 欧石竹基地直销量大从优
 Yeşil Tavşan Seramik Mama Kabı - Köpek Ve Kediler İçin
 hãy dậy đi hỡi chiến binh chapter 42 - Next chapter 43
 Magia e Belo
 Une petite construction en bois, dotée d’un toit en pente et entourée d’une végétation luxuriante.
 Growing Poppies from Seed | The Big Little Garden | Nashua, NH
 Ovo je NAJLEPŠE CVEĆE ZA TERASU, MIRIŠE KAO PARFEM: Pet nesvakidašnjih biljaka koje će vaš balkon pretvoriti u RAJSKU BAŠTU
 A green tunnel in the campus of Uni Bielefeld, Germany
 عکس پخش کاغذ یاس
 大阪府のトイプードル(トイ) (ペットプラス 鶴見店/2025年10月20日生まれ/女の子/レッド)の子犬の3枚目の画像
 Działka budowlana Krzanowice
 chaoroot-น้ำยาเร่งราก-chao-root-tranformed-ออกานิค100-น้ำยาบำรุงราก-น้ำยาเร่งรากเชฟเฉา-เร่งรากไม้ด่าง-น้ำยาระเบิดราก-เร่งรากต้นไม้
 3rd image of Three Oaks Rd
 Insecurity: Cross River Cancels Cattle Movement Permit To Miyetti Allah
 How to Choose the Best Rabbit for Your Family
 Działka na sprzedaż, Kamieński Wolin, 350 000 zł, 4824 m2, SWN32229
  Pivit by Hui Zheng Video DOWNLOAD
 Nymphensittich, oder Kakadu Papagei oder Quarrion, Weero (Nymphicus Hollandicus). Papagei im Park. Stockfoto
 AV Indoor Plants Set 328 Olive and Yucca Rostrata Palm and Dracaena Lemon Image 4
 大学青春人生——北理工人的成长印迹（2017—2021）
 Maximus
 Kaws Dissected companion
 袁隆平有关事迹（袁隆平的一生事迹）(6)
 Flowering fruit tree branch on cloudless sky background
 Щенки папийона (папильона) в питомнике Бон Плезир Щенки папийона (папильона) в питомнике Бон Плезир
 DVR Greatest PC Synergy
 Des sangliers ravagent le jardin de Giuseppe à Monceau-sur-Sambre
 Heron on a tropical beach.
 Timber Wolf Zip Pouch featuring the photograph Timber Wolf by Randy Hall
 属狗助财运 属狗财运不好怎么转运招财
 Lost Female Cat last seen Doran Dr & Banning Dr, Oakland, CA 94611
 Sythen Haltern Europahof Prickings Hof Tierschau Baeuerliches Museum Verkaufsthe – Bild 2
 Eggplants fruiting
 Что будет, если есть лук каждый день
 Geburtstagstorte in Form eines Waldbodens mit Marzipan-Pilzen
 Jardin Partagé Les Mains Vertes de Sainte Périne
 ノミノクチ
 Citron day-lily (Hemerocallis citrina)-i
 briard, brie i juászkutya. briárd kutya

::::

Work item
Lines before the one containing "Geburtstagstorte in Form" are not wanted; please set down that line and every line after it through the end of the material, exactly.

Solution to the problem
 Geburtstagstorte in Form eines Waldbodens mit Marzipan-Pilzen
 Jardin Partagé Les Mains Vertes de Sainte Périne
 ノミノクチ
 Citron day-lily (Hemerocallis citrina)-i
 briard, brie i juászkutya. briárd kutya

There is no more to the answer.